Mapping causal links between prefrontal cortical regions and intra-individual behavioral variability

Abstract

Intra-individual behavioral variability is significantly heightened by aging or neuropsychological disorders, however it is unknown which brain regions are causally linked to such variabilities. We examine response time (RT) variability in 21 macaque monkeys performing a rule-guided decision-making task. In monkeys with selective-bilateral lesions in the anterior cingulate cortex (ACC) or in the dorsolateral prefrontal cortex, cognitive flexibility is impaired, but the RT variability is significantly diminished. Bilateral lesions within the frontopolar cortex or within the mid-dorsolateral prefrontal cortex, has no significant effect on cognitive flexibility or RT variability. In monkeys with lesions in the posterior cingulate cortex, the RT variability significantly increases without any deficit in cognitive flexibility. The effect of lesions in the orbitofrontal cortex (OFC) is unique in that it leads to deficits in cognitive flexibility and a significant increase in RT variability. Our findings indicate remarkable dissociations in contribution of frontal cortical regions to behavioral variability. They suggest that the altered variability in OFC-lesioned monkeys is related to deficits in assessing and accumulating evidence to inform a rule-guided decision, whereas in ACC-lesioned monkeys it results from a non-adaptive decrease in decision threshold and consequently immature impulsive responses.

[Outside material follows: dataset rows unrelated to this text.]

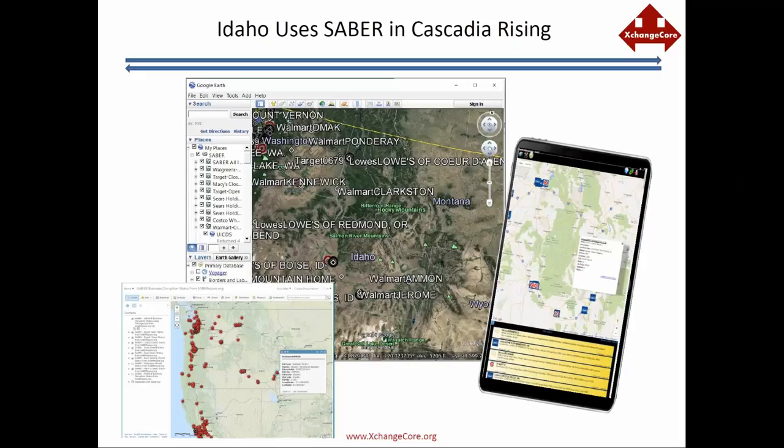Thank you, Jim. It was very quick for us to use Sabre during our exercise. The way Idaho played is we really didn't receive a lot of damage, but we were receiving 140,000 evacuees. Along with private sector partnerships, I also do mass care. It was quite valuable to use Sabre to get statuses not only in Idaho but in Oregon and Washington, since people were on their way to Idaho to be sheltered. It was very easy and quick — I think it was about a week before the exercise when I told Jim it would be really cool if we could do Sabre.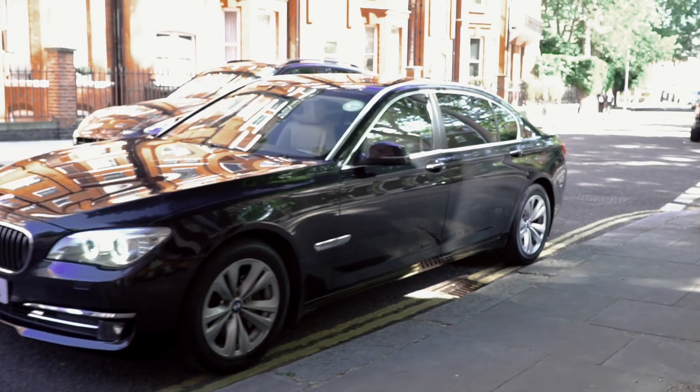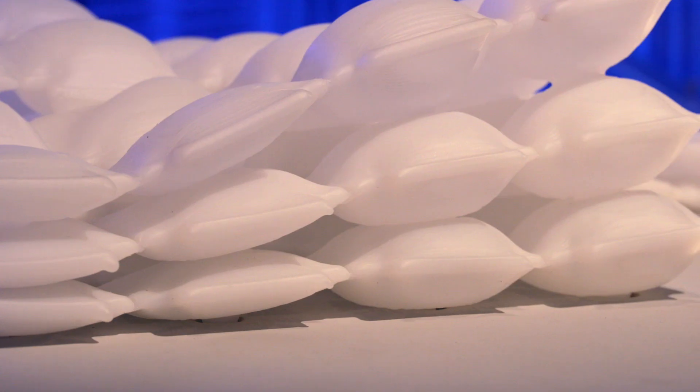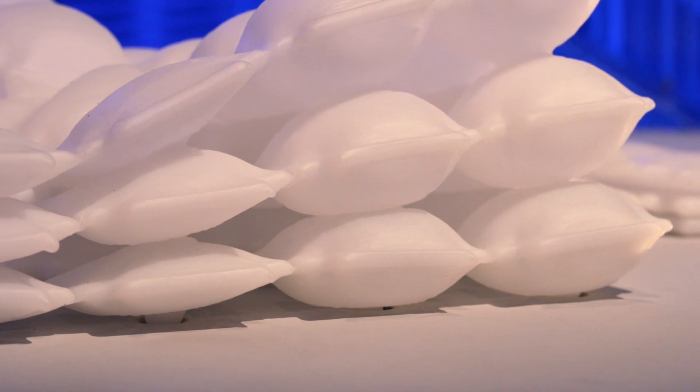I think in the future the interior of a car would be more modular, it would change more. The potential of this material is really great because they are adaptive to the customer, to the human being.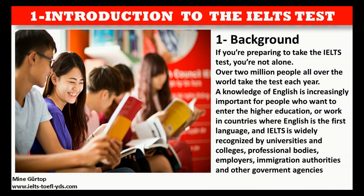If you're preparing to take the IELTS test, you're not alone. Over two million people all over the world take the test each year. A knowledge of English is increasingly important for people who want to enter higher education or work in countries where English is the first language. And IELTS is widely recognized by universities and colleges, professional bodies, employers, immigration authorities, and other government agencies.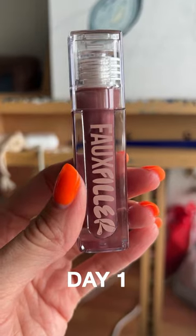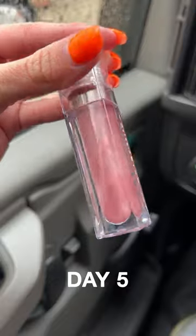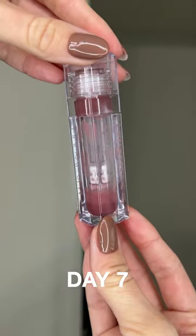I use Hoda Beauty Faux Filler lip gloss every single day until I empty it out. I reapplied it about five to seven times a day. I know I use a lot, but nevertheless, this lip gloss is very long-lasting and pigmented.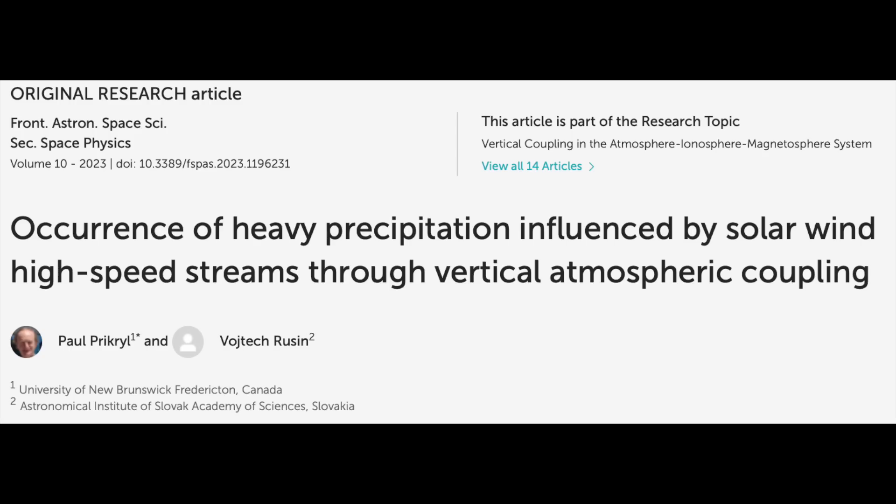This paper did exactly that. By studying Canadian severe storms — both summer rain events and winter snow events — they track their occurrence to be heavily influenced by the solar wind interaction with the Earth, with the auroral oval and precipitating particles from space as the driving mechanism exciting the clouds, the atmosphere, etc.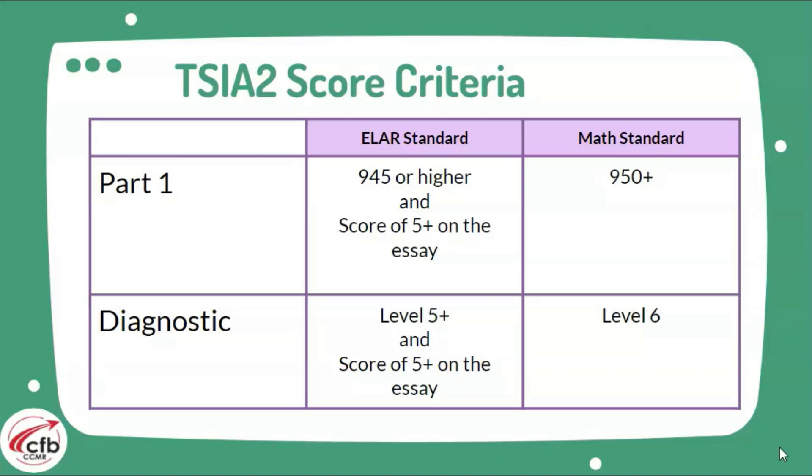With math, if you don't reach that 950, you'll be taken to the diagnostic as well. You need at least a 6 or higher on the diagnostic in order to show college readiness. The great thing is that with many colleges, we can mix and match: if you meet the English standard with your SAT and you need the TSI for math, they'll accept it as long as we have a mix and match of college readiness scores. Just be sure to submit that information to the colleges.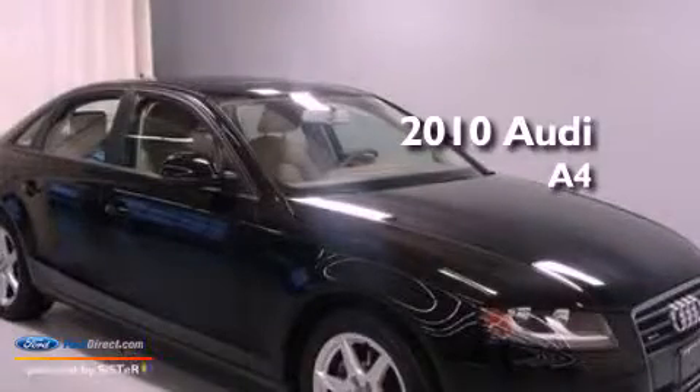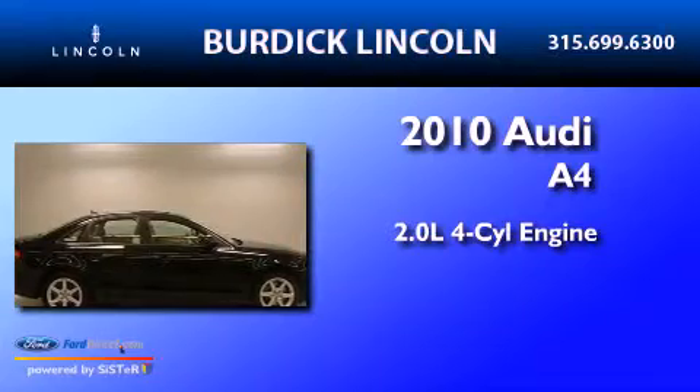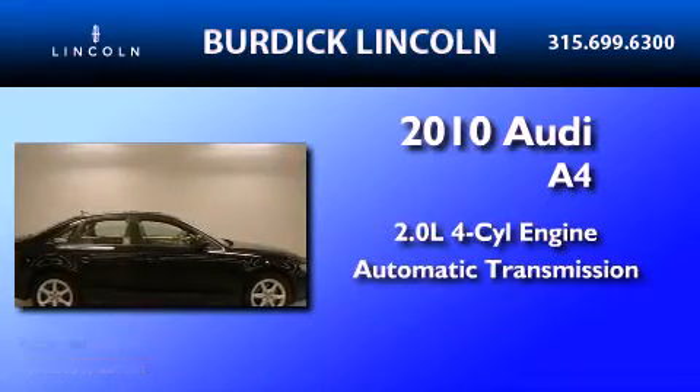This is a 2010 Audi A4. It features a 2.0-liter four-cylinder engine and an automatic transmission.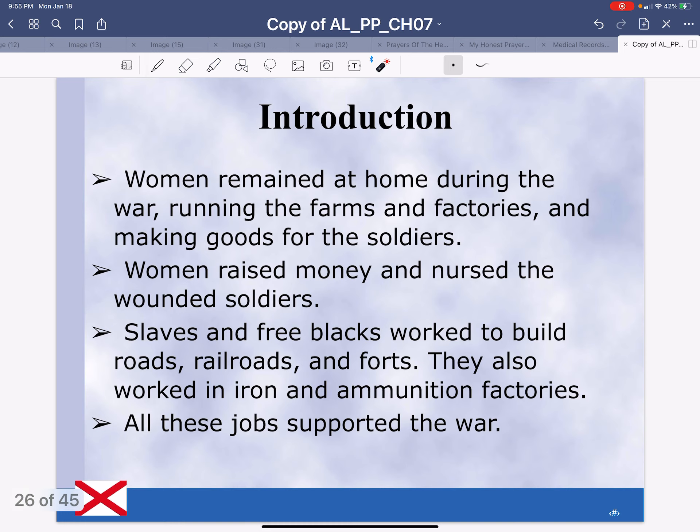The women remained at home during the war, running the farms and factories and making goods for the soldiers. They raised money and nursed the wounded soldiers. Slaves and free blacks worked to build roads, railroads, and forts. They also worked in iron and ammunition factories — ammunition is things like bullets for a gun. All these jobs supported the war.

Fig. 1. Computerized versions of the WCST and intended lesion extent.

a In the Wisconsin Card Sorting Test (WCST), each trial commenced with sample onset at the center of the screen and after monkeys touched the sample and released their hand, three test items were presented on the left, right and bottom of the sample. A correct application of the matching rule led to the arrival of a reward. If monkeys did not match based on the currently relevant rule (touched one of the non-matching items) or did not respond within the response window, an error signal was presented and no reward was delivered. b The schematic diagrams show the extent of intended lesions in different groups of monkeys. Red regions show the extent of intended lesion (all lesions were bilateral). The details of lesion extent in each group are explained in the online Methods section. The lesion extents were largely as planned as assessed by microscopic inspection of post-mortem histological sections (see Supplementary Information for figures and discussions of lesion extent in individual animals) in all groups (except for in the posterior cingulate cortex group wherein coronal magnetic resonance images were inspected). Numerals: distance in mm from the interaural plane.

Fig. 2. Selective lesions in the DLPFC, ACC or OFC modulate intra-individual response time (RT) variability.

a The coefficient of response time variability (RT-COV) was significantly smaller in the ACC-lesioned monkeys, compared to Control group (F(1140) = 35.66). b The RT-COV of individual monkeys in 15 post-lesion sessions is shown for Control (red color) and ACC-lesioned monkeys (black color). The values for each monkey appear with a distinct marker shape. c The RT-COV was significantly smaller in the DLPFC-lesioned monkeys, compared to Control group (F(1140) = 4.26). d The RT-COV of individual monkeys in 15 post-lesion sessions is shown for Control (red color) and DLPFC-lesioned monkeys (black color). e The RT-COV is shown in the pre-lesion and post-lesion testing for the OFC-lesioned monkeys. RT-COV became significantly larger in the OFC-lesioned monkeys (F(1,42) = 12.56). f The RT-COV of individual monkeys in 15 pre-lesion (red color) and 15 post-lesion (black color) sessions is shown for OFC-lesioned monkeys. The cC sequence corresponds to a correct trial preceded by another correct trial. Data are presented as mean values ± SEM. The p value shows the main effect of Lesion factor in the ANOVA. All comparisons were two-sided. Dorsolateral prefrontal cortex (DLPFC), anterior cingulate cortex (ACC), orbitofrontal cortex (OFC).

Fig. 3. Consequence of selective lesions in the sdlPFC, frontopolar cortex or PCC on intra-individual behavioral variability.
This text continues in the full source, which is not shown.